A Sociedade Brasileira para o Progresso da Ciência (SBPC), ao lado da Academia Brasileira de Ciências (ABC), da Sociedade Brasileira de Física (SBF) e da Sociedade Brasileira de Química (SBQ) divulgaram nesta segunda-feira, 13 de outubro, uma nota conjunta em defesa da Constituição Federal e contra a proposta de emenda que pretende autorizar o desenvolvimento de armas nucleares no Brasil.
A manifestação é uma resposta à PEC apresentada nesta semana pelo deputado federal Kim Kataguiri (União Brasil – SP), que sugere permitir o uso da tecnologia nuclear para fins de defesa nacional em caso de ataques.
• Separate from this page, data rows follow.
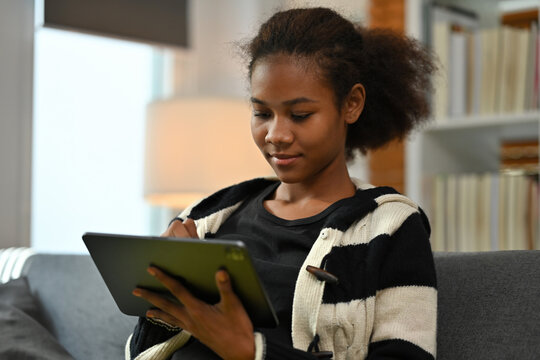Focused young African woman sitting on a sofa, using a digital tablet with a stylus in a cozy home - Powered by Adobe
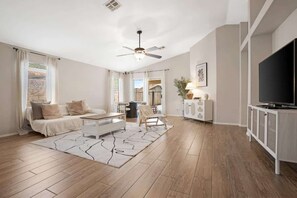 A modern living room with a sofa, coffee table, and TV stand.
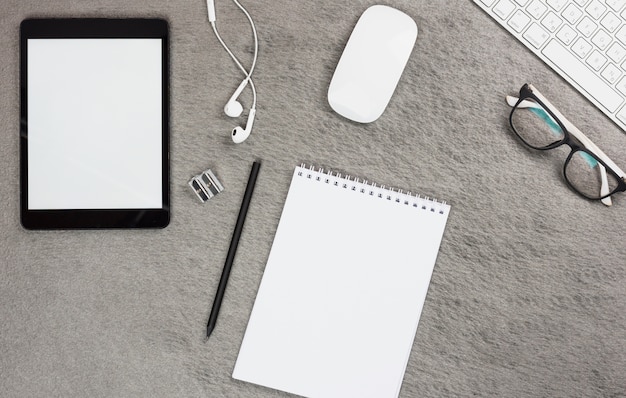 Top view of blank digital tablet; earphone; mouse; keyboard and eyeglasses with spiral notepad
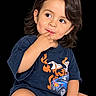 child, toddler, portrait, sitting, smiling, curious, face, eyes, dark_hair, brown_hair, short_sleeves, t_shirt, cartoon_graphic, colorful_clothing, hand, finger, black_background, studio_photo, close_up, safe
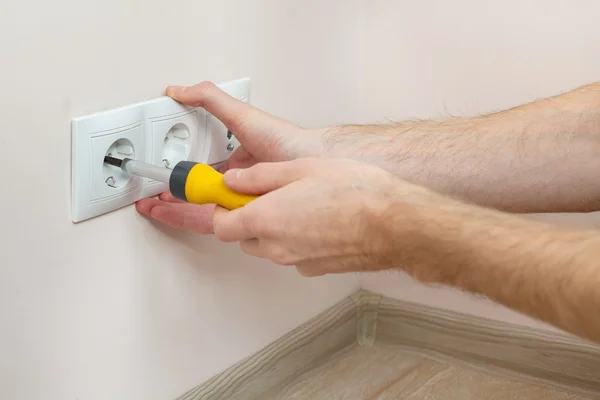 De handen van een elektricien voor het installeren van een muur stopcontact met schroevendraaier — Stockfoto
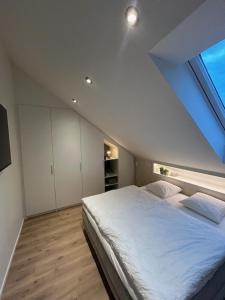 a bedroom with a large white bed with a window at Chambre haute in Eupen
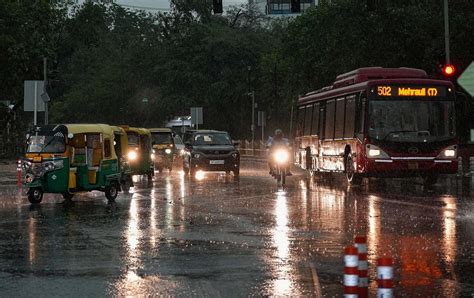 In Photos: Rain, strong winds hit Delhi, road traffic impacted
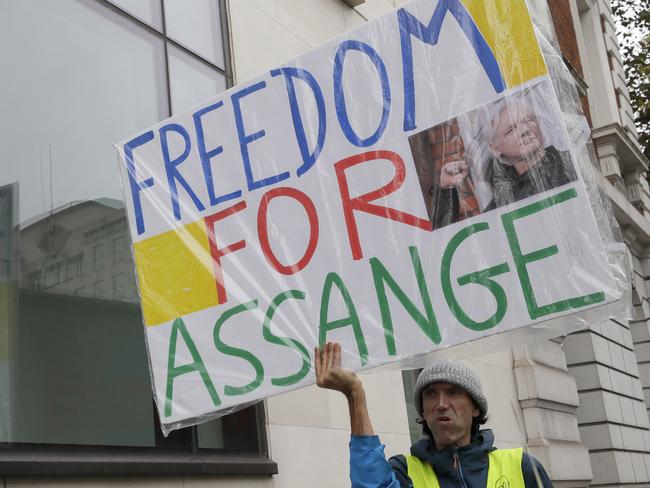 A supporter of Wikileaks founder Julian Assange demonstrates outside Westminster Magistrates' Court in London. Picture: AP Photo/Kirsty Wigglesworth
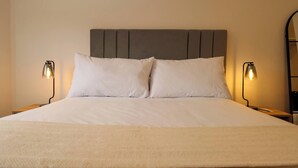 A neatly made bed with a grey headboard, two bedside lamps, and a beige throw blanket. - w* | Modern 2BR in Historic Cusco w/ Balcony (Cusco)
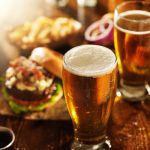 Beer,and,burgers,on,wooden,table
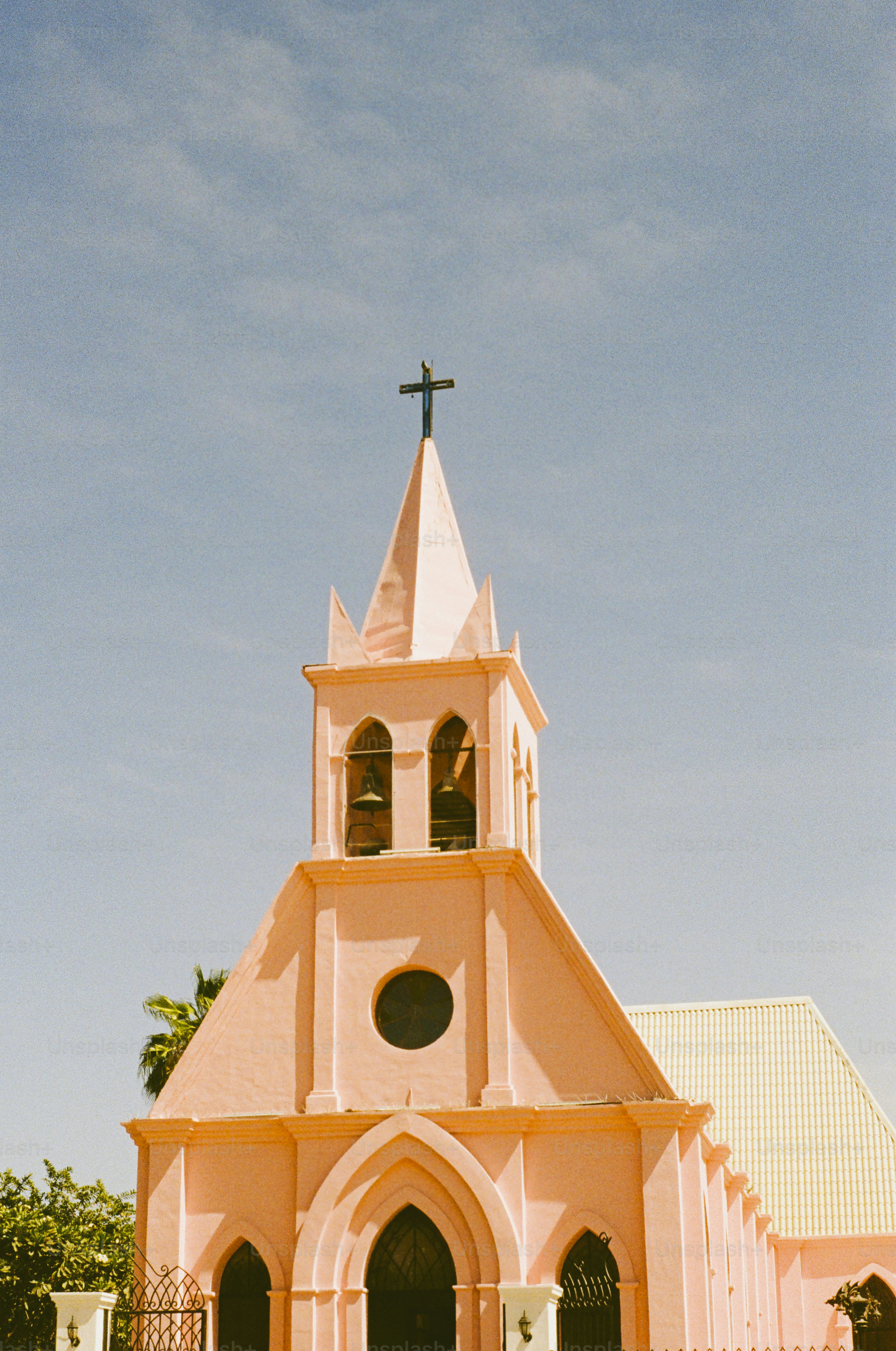 A pink church stands tall under a bright blue sky.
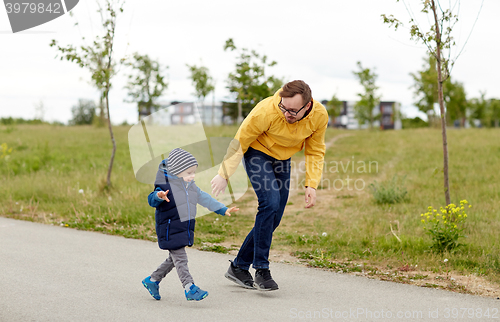 Image of happy father and little son walking outdoors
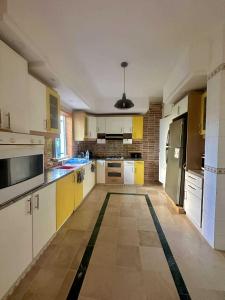 a kitchen with yellow and white cabinets and appliances at Villa Omi Zina in Nabeul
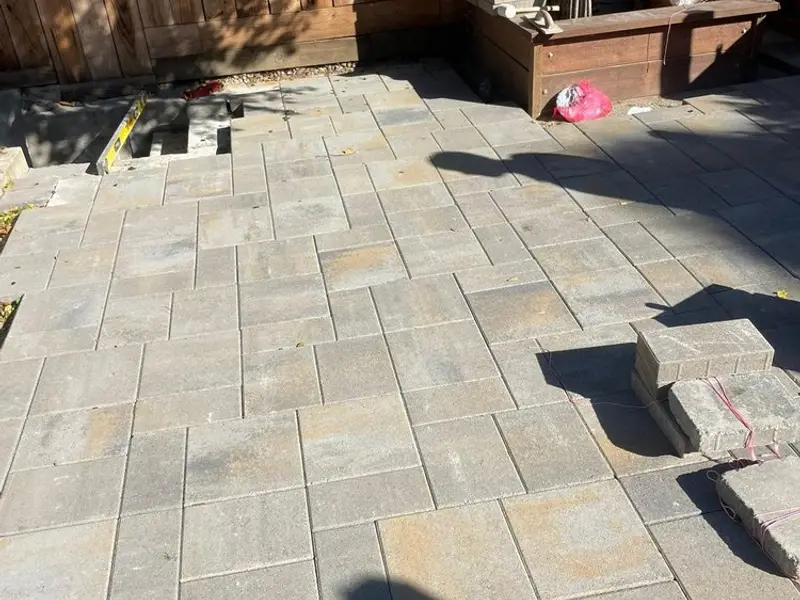 Paver patio and steps next to a raised wood planter, with pavers stacked for installation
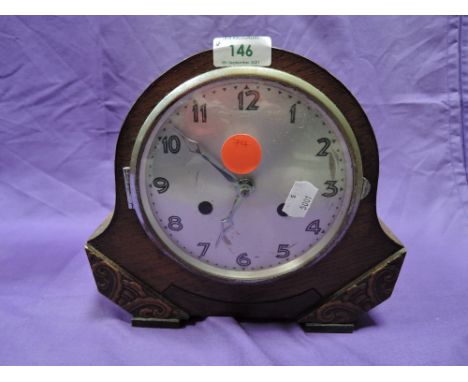A mid century 8 day mantel clock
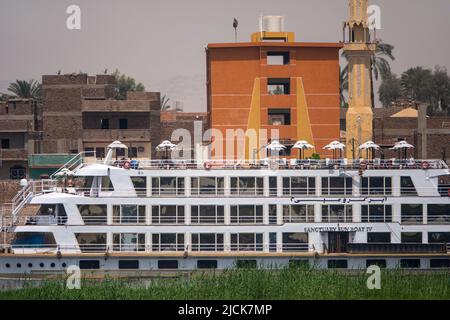 Bateau de croisière sur le Nil à bord d'un appareil photo derrière une île avec bande verte d'herbe avec mur de bâtiments derrière comme toile de fond Banque D'Images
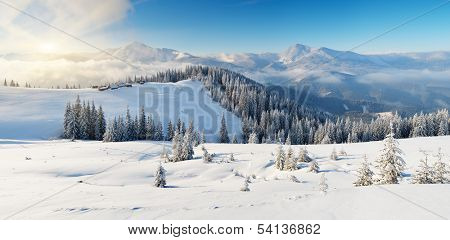 Winter landscape on a sunny morning in the mountains. The cabins of shepherds on the hill. Carpathians, Ukraine, Europe. View of the ridge of the mountain Chornohora from Kukul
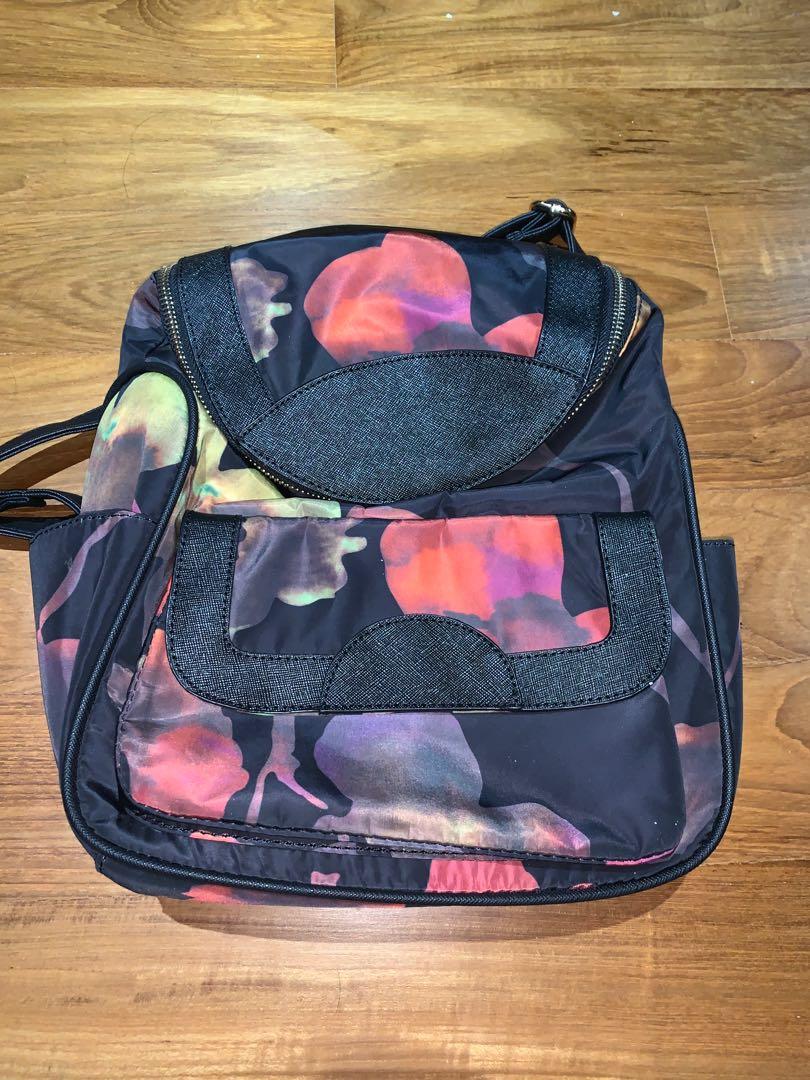 sling backpack designer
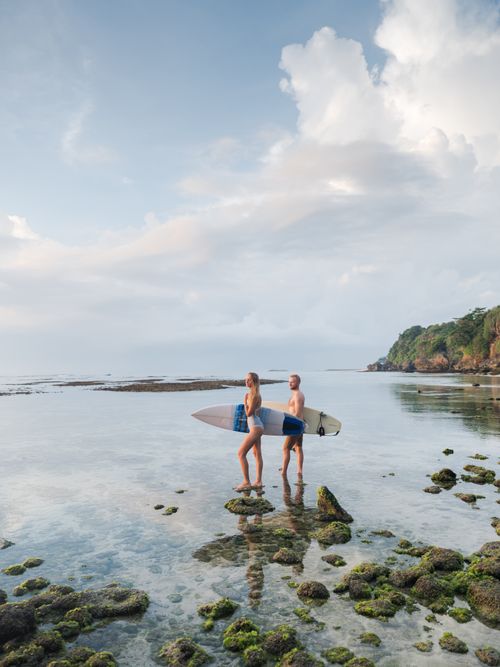 Free A couple with surfboards explores a scenic rocky beach at dawn. Stock Photo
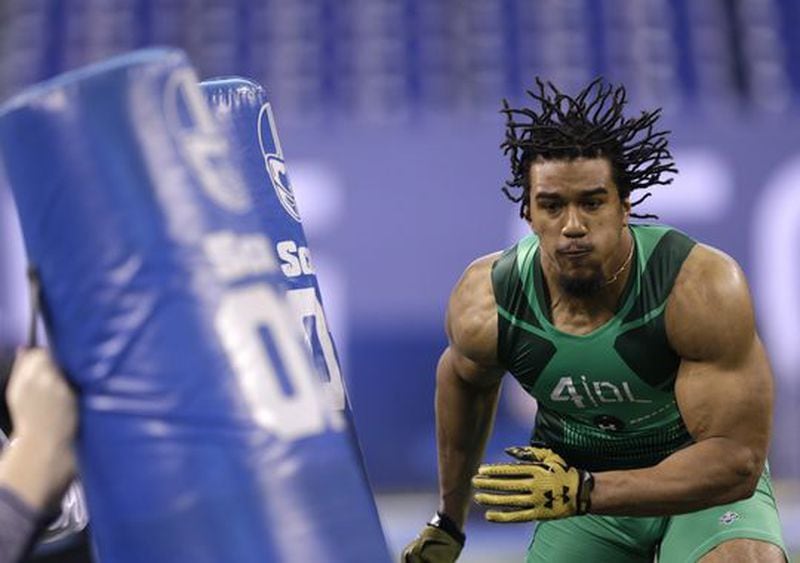 Clemson defensive lineman Vic Beasley runs a drill at the NFL football scouting combine in Indianapolis, Sunday, Feb. 22, 2015. (AP Photo/David J. Phillip)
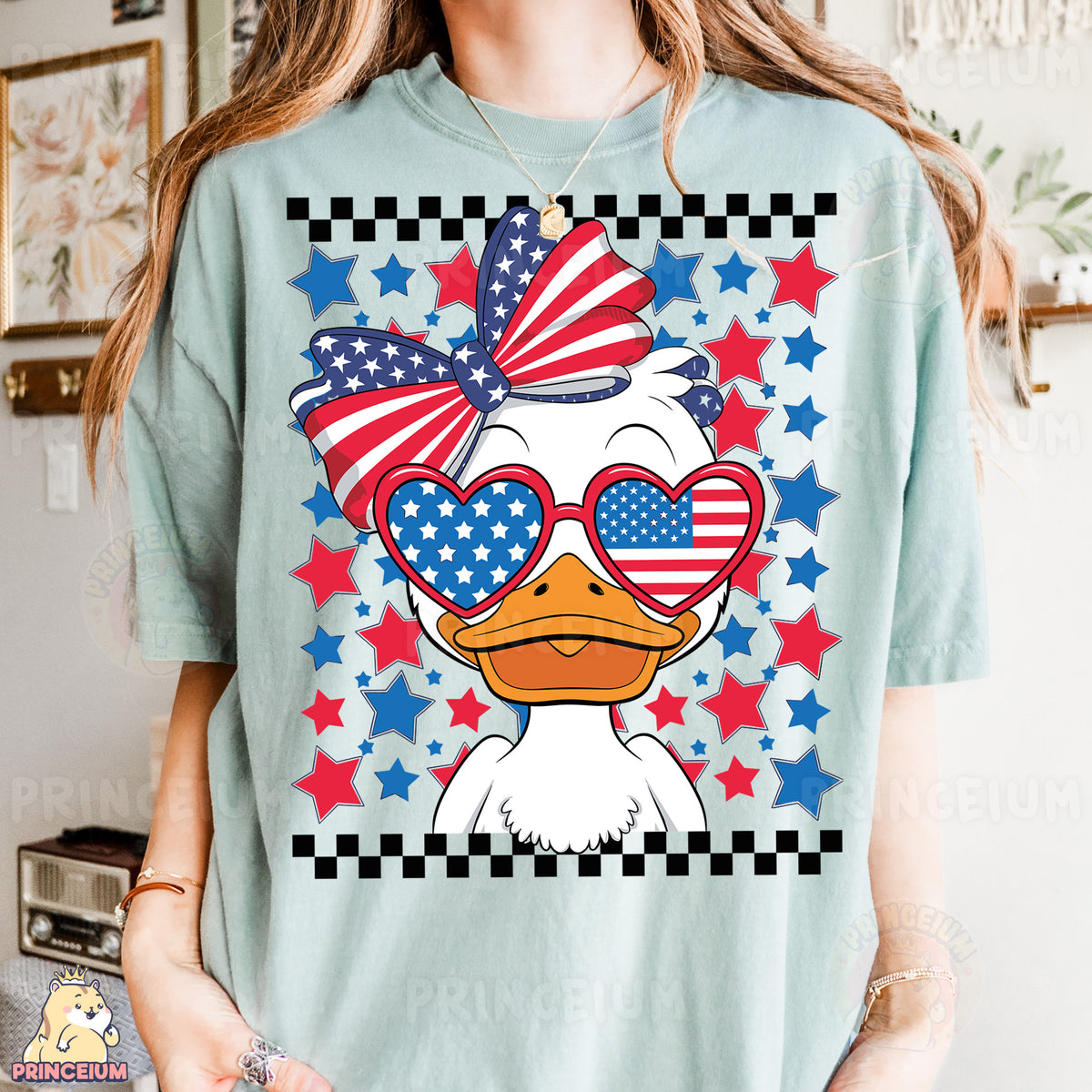 a woman wearing a t - shirt with a duck wearing sunglasses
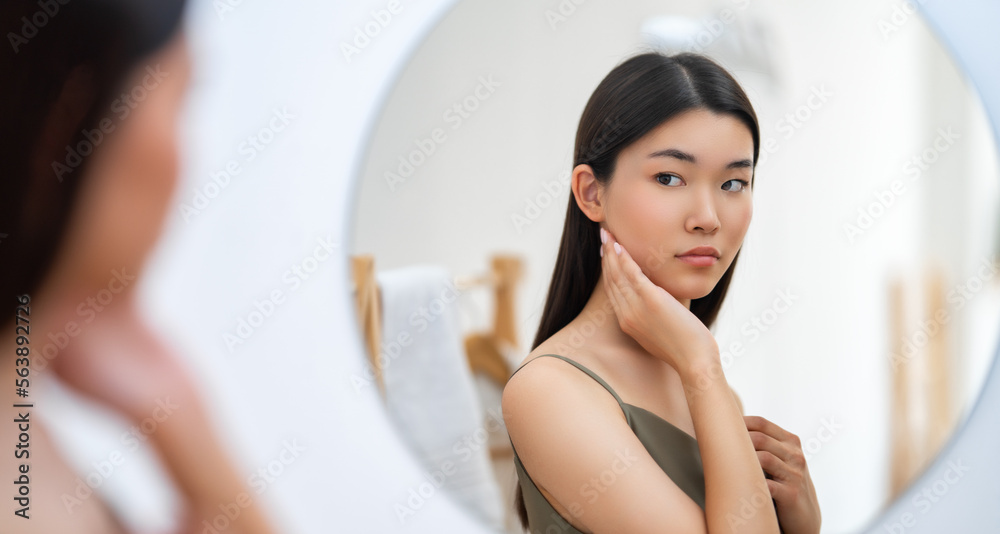 woman looking at mirror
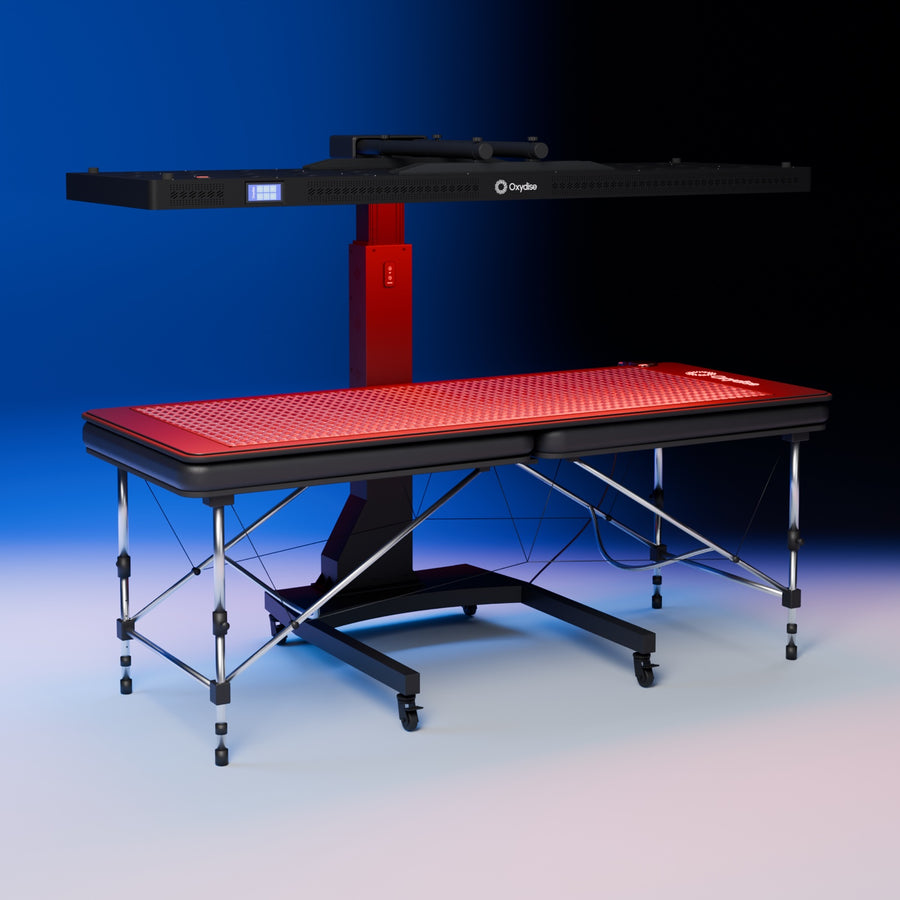 Oxydise Red Light Panel on its height-adjustable stand above a massage table with the Oxydise PEMF Mat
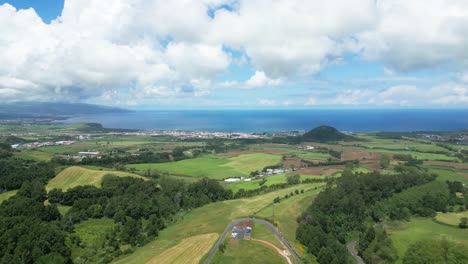 Forward-aerial-of-green-fields,-trees-and-ocean-horizon-at-the-Azores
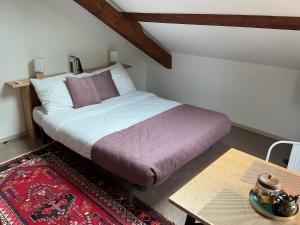 a bedroom with a bed and a table with a coffee table at Chez Rose-Laure in Grandviala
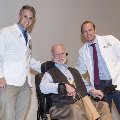 Three people pose for a photo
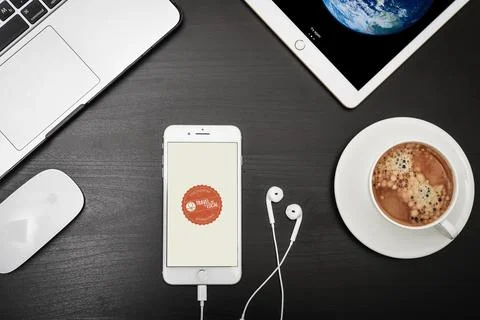 Apple iPhone 8 plus with Couchsurfing app on the screen Stock Photos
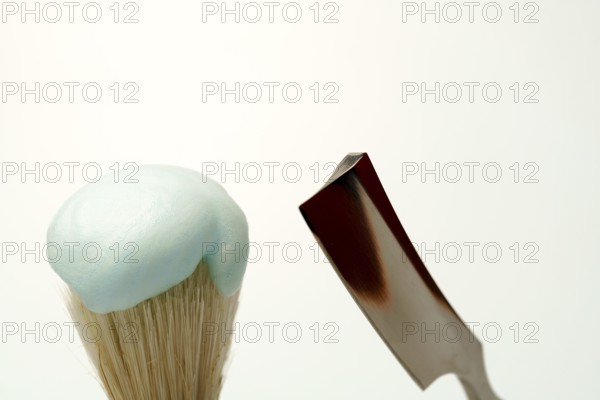 Shaving brush with light blue foam and straight razor on white background, getting ready for skincare routine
A proposta, apelidada nas redes de “PEC da bomba atômica”, permitiria que as Forças Armadas desenvolvessem armamentos nucleares mediante autorização presidencial.
No documento, as quatro entidades reafirmam o compromisso histórico da ciência brasileira com o uso exclusivamente pacífico da energia nuclear, um princípio consagrado na Constituição de 1988.
As instituições alertam que alterar essa norma seria um “retrocesso civilizatório”, com impactos éticos, diplomáticos e morais graves, além de violar tratados internacionais que tornaram a América Latina uma zona livre de armas atômicas.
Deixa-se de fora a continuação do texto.